A loss of style

Newspapers (credit: http://www.carerssupportmerton.org.uk/)Whether you’re sitting or standing, indoors or out, leaning against a hitching post or planting your brogans on a desk, a newspaper gives you a whole rich vocabulary of gesture. You open it with a flourish and a ripple of newsprint, your buoyant self-confidence evident in the way you turn the pages with a snap of the wrist, taking in the gray matter swiftly, your eyes dancing over the world’s sorrows and moving on, crinkling the page, snapping it, rolling it, folding the paper in halves and quarters, tucking it under the arm or tapping it against the palm. – Garrison Keillor, Star Tribune, Jan 14, 07

I read the newspaper today. No – a real newspaper. A glorious stack of fragrantly printed material. It was the Star Tribune, if you want to get specific – a newspaper that has style pouring out of its pages like sap from a very knowledgeable tree.

I forgot what it was like, really, to read a newspaper and actually glean a bit of substance from it. We’re subscribers to the Argus Leader – the Sioux Falls newspaper. And over the past year or so, we’ve been conditioned to think the art of newspaper writing and style is going, well, out of style.

We started getting the paper part for the content and part for the romance. Waking up each day to a newspaper is one of life’s most overlooked treasures. It’s just like Garrison says – there’s a style in opening and reading a paper. It’s an act that gives off an aura of cool. We looked forward to this coolness every morning; we could read it while eating breakfast, and we could pick it back up at lunchtime to finish.

But the Argus is losing readership. The solution, apparently, is to dumb down the content. Make the words bigger. Have more opinion, both from unqualified readers and random bloggers and message board trolls. Show more candid photographs from Grandma’s collection.

How did this happen?

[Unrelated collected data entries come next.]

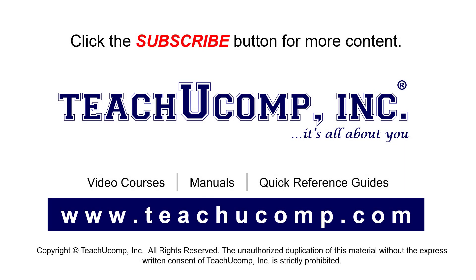Remember to click the Subscribe button to see more of our videos. See our full suite of courses, instruction manuals, and quick reference guides at www.teachucomp.com.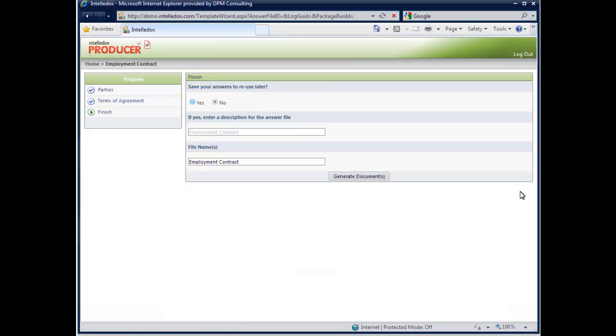IntelliDocs Producer enables the user to conveniently save any captured information. Once given an answer file name, the data is stored for reuse at a later date.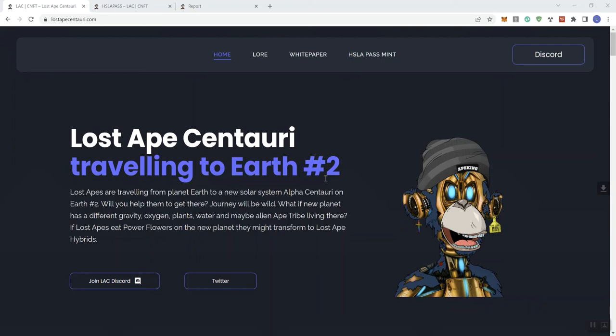So we're looking at Lost Ape Centauri traveling to Earth 2. Lost Apes are traveling from planet Earth to a new solar system, Alpha Centauri, on Earth 2. Will you help them to get there? Journey is going to be wild. What if a new planet has a different gravity, oxygen, plants, water, and maybe alien ape tribe living there? If Lost Apes eat power flowers on the new planet, they might transform to Lost Ape hybrids.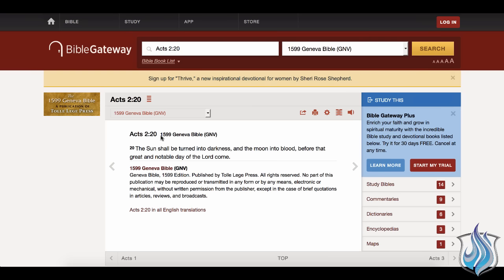This is in Acts 2, verse 20. The sun shall be turned into darkness, and the moon into blood, before that great and notable day of the Lord come. This is one state, and it's a blood moon. It happened at New York. It happened all over the world last year, four times, of the tetrad.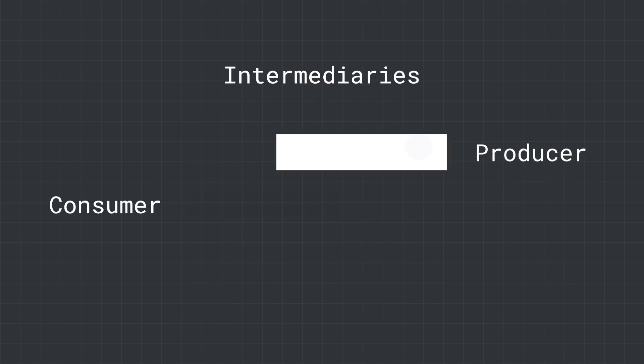But there can also be intermediaries that can modify each value emitted into the stream or the stream itself. For example, this intermediary changes the type of the emitted elements. The consumer, in this case, will receive a different type.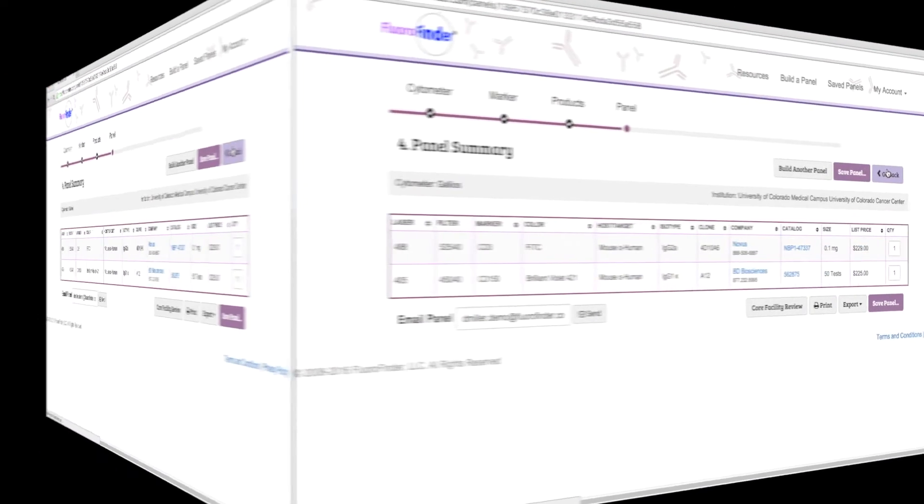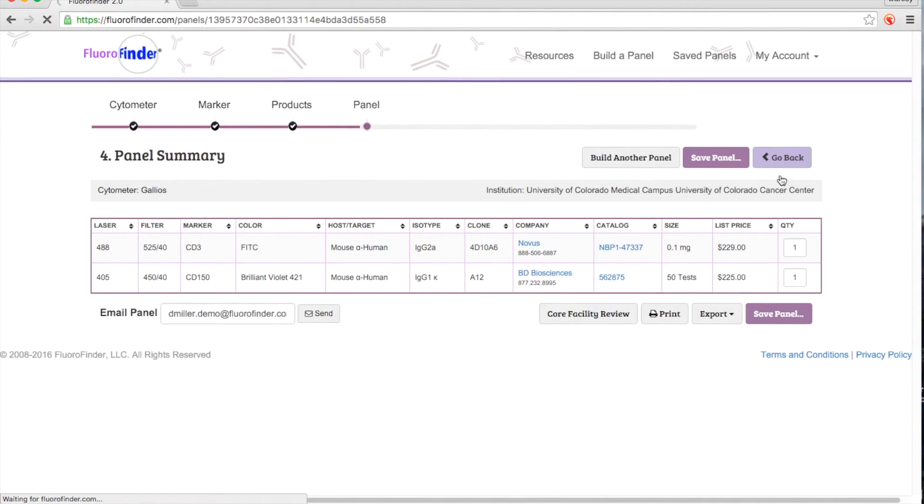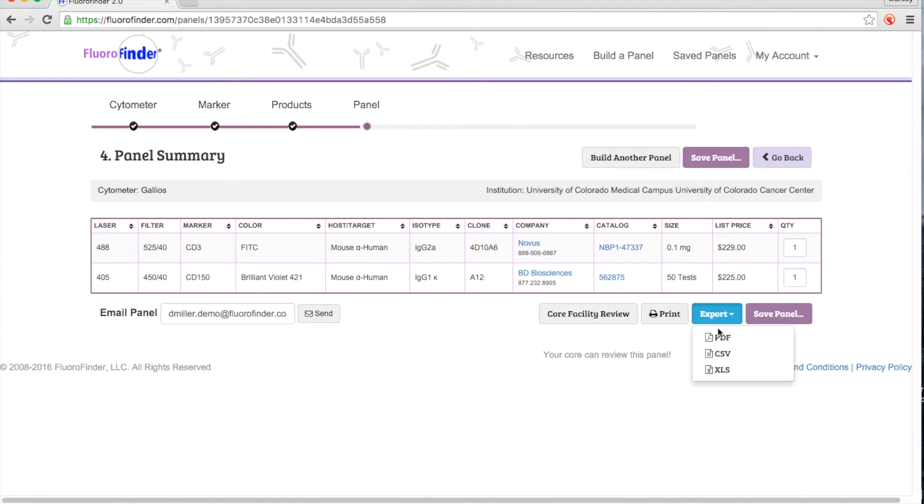Now that you've successfully completed your panel, you can take your list of reagents out of FluoroFinder to place your order.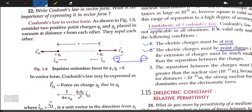To summarize: the first condition is that the electrical charge must be at rest, and the second condition is that the electrical charge must be a point charge. Now the third condition: the separation between the charges must be greater than the nuclear size, which is 10 to the power of minus 15 meters.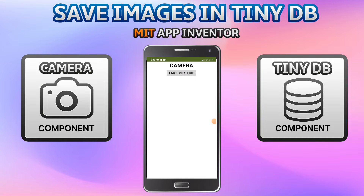Hello, I'm Krishna Raghavendran, and in this MIT App Inventor tutorial we are going to see how you can save images in TinyDB. After saving the images in TinyDB, they can be accessed anytime and the image will not get erased — even if you shut down the mobile, close the app, and open it again. The image will not be gone until you uninstall the app.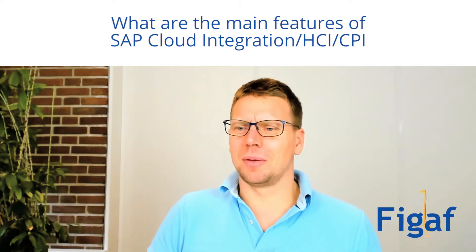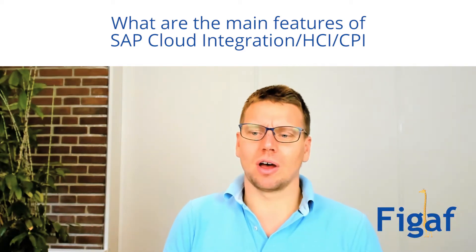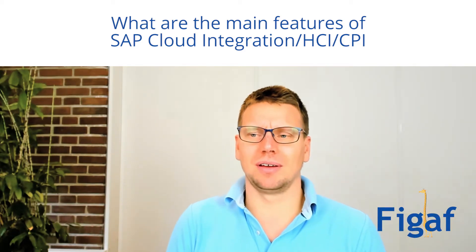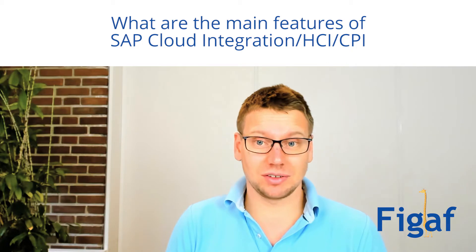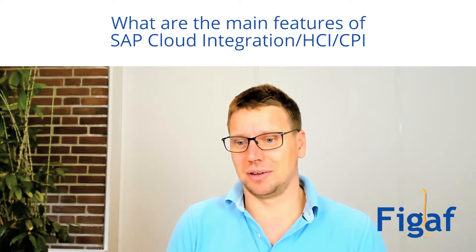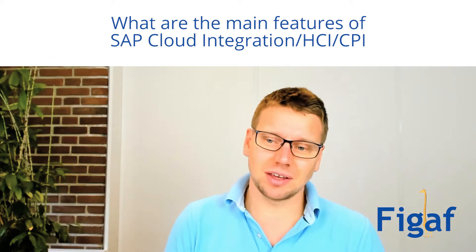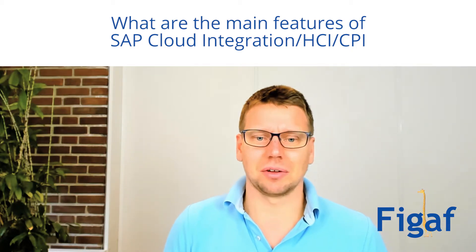What are the main features of SAP Cloud Integration, SAP HCI Cloud Integration?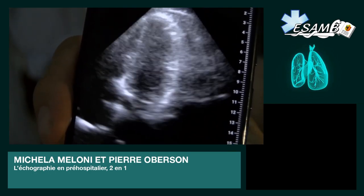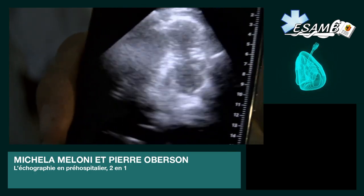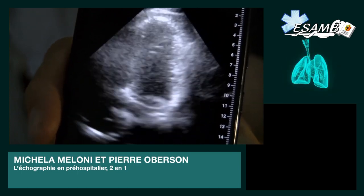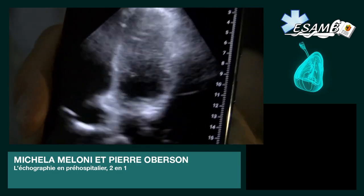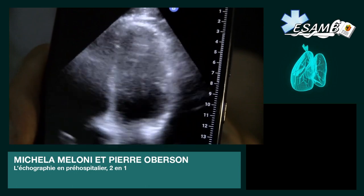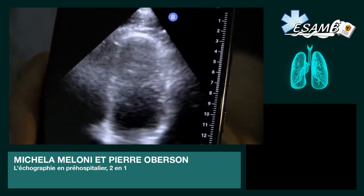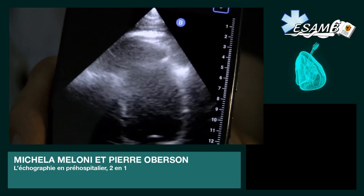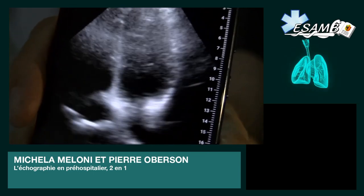Pour ceux qui sont en live, vous allez pouvoir voir le cœur de Luc. On voit en tout cas bien le ventricule gauche, et un petit peu en dessous les oreillettes et les valves qui s'ouvrent et qui se ferment.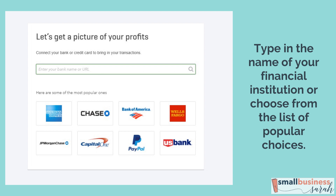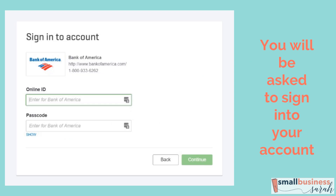We're going to do this same process for each of your business financial accounts. So pick one to start with, go all the way through, and then go back and do it for all of your accounts until everything is connected. Next, QuickBooks is going to ask you to sign in to your financial account. This gives QuickBooks the access it needs to download the transactions as they occur in your checking, savings, or credit card account.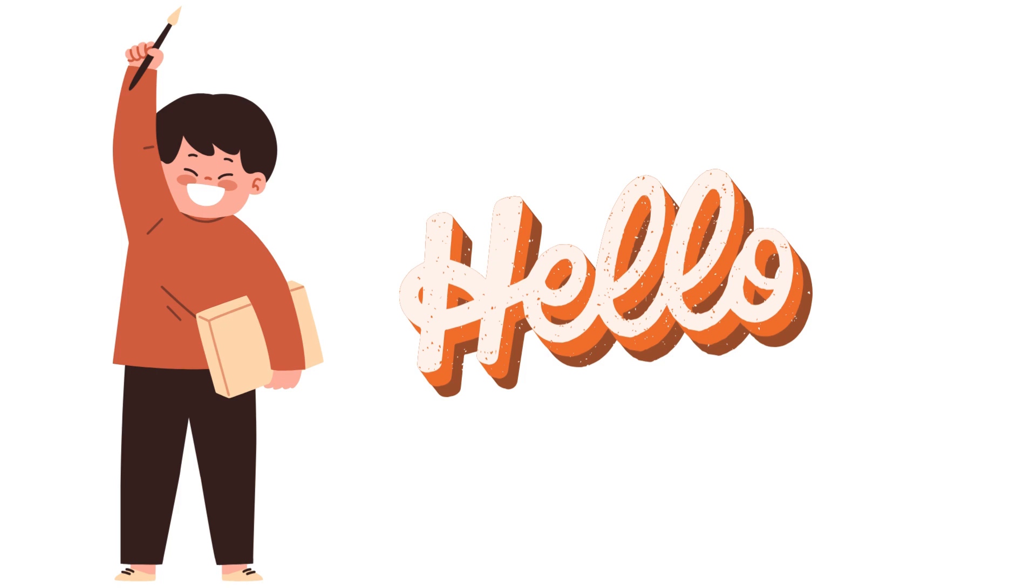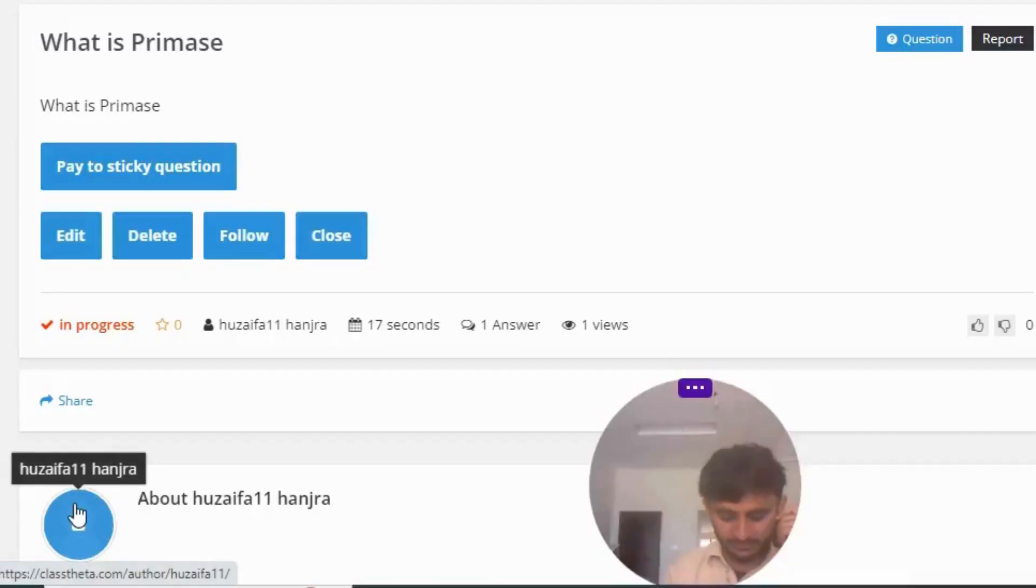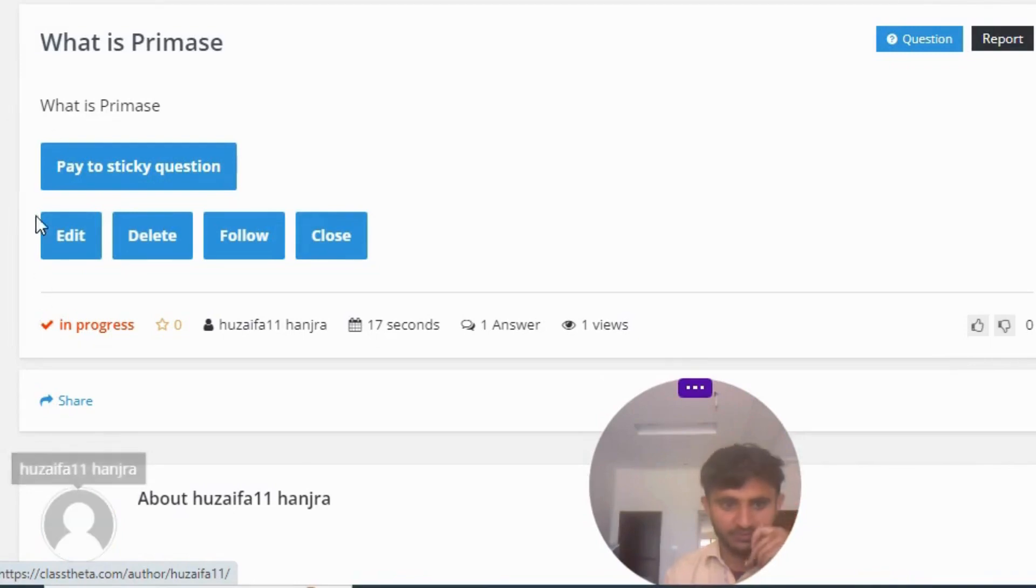Hello everybody, how are you? I am Jeff, your teacher here, and I'll be teaching you different questions and their answers. So our today's question is: what is primase?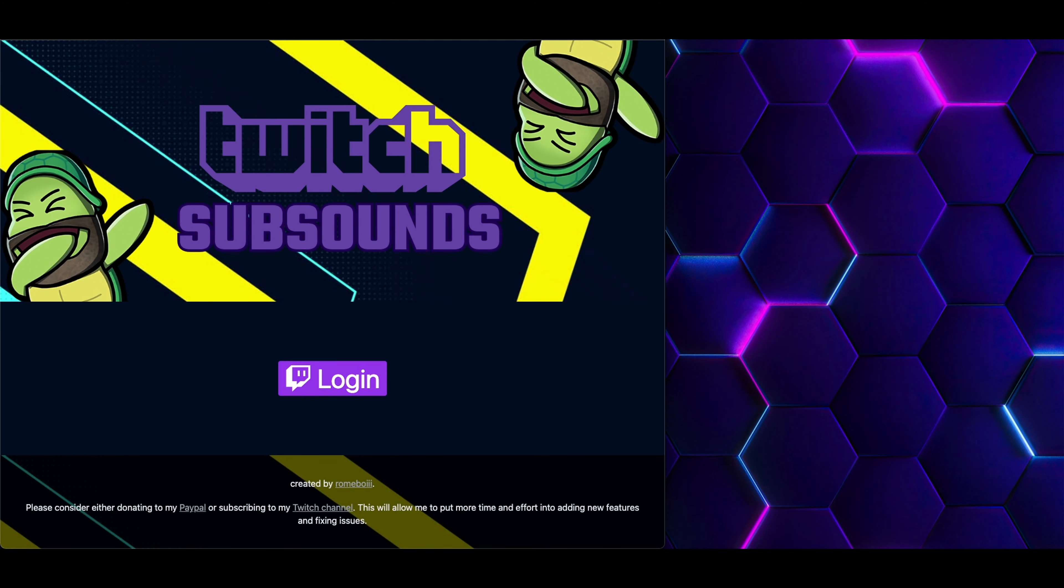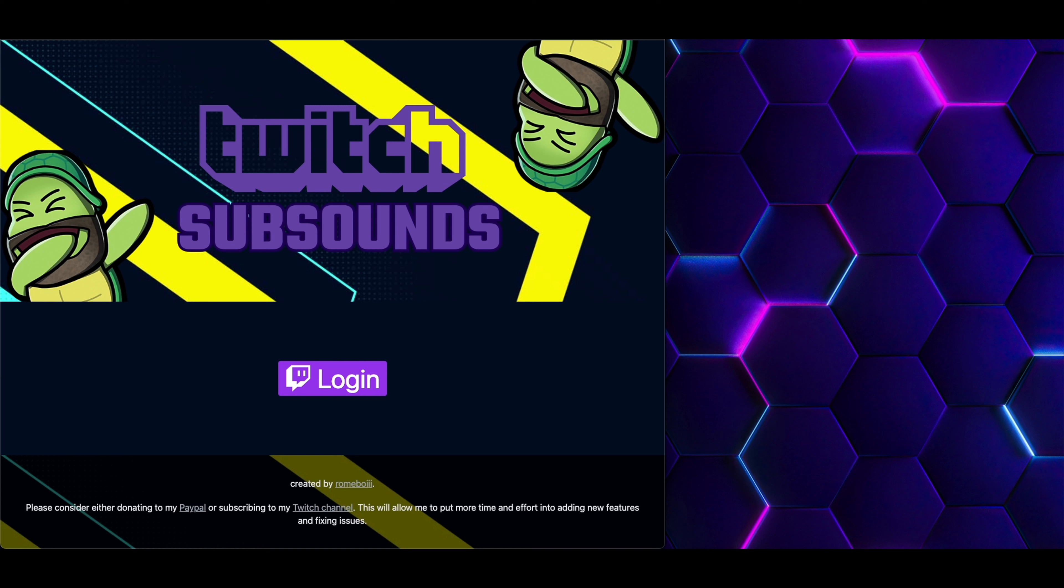Well, it looks like that sums up on how to create different types of commands using the SubSounds application. You can create image, sound, video, and text commands. If you have any questions, please feel free to reach out in the Discord, or hit me up in the comments down below. Thank you all so very much, and I look forward to seeing you again next time.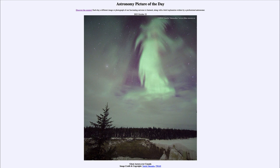Today's picture is titled Ghost Aurora over Canada. Here we see an image taken a decade ago from northern Canada, and the aurora perhaps having the appearance of some kind of ghostly apparition up in the sky.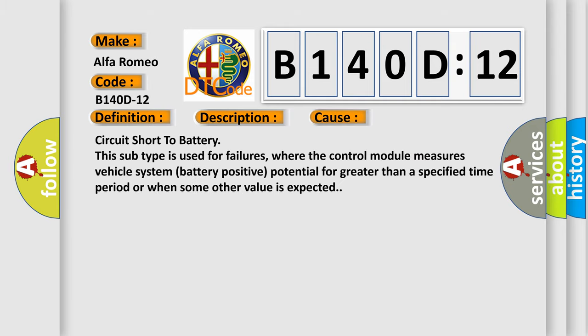This diagnostic error occurs most often in these cases: circuit short to battery. This subtype is used for failures where the control module measures vehicle system battery positive potential for greater than a specified time period or when some other value is expected.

How did our dream of an informed newspapership get flushed down the drain so quickly? The Argus Leader barely makes it through breakfast anymore. The only time I read it at lunch is if someone else mentions a typo or glaring mistake in its pages that I somehow missed.

First of all, instead of improving the quality of the writing, the Argus has dumbed it down. Instead of writing about things that a newspaper reader would care about, the topics are geared towards the average American. An American that gets his or her news from the Internet or from the morning news. Not from a newspaper. In other words, the Argus is searching for an audience that is tuned out to words on paper.

The newspaper isn’t dying. There will always be people who will long for the touch and smell of the actual, physical product. But it is dwindling. And no amount of change can help that. It’s part of a shift in culture. Films and theatre didn’t die when the television showed up. But it did dwindle, and a higher level of production was needed to make them seem more important than their new rival – more prestigious. More exclusive. A place for high quality articles and a Sunday morning ritual.

Instead of changing to meet the customers it desires – customers who have no intentions of subscribing to a newspaper that now nearly resembles a simple city-sponsored newsletter – a newspaper would do better sticking to its guns and improving upon what it does best.

Which means not championing its accomplishments in order to justify its journalistic integrity. Which means not pandering to the lowest common denominator. Which means not wasting an entire page with pictures of children reaching into a cereal box or riding a bike.

I like the idea of getting the paper each morning. And I have an interest in the advertisements that are running on an occupational level. But I can say that soon – probably sooner than we really expect – we will no longer be Argus Leader subscribers.

We miss being entertained. Informed. Excited. Impressed.

Now we’re just usually bored. Enraged. Disappointed.

Garrison says, in today’s Star Tribune, that for newspaper readers, every section is Style.

I wish someone would have told that to the people at the Argus Leader.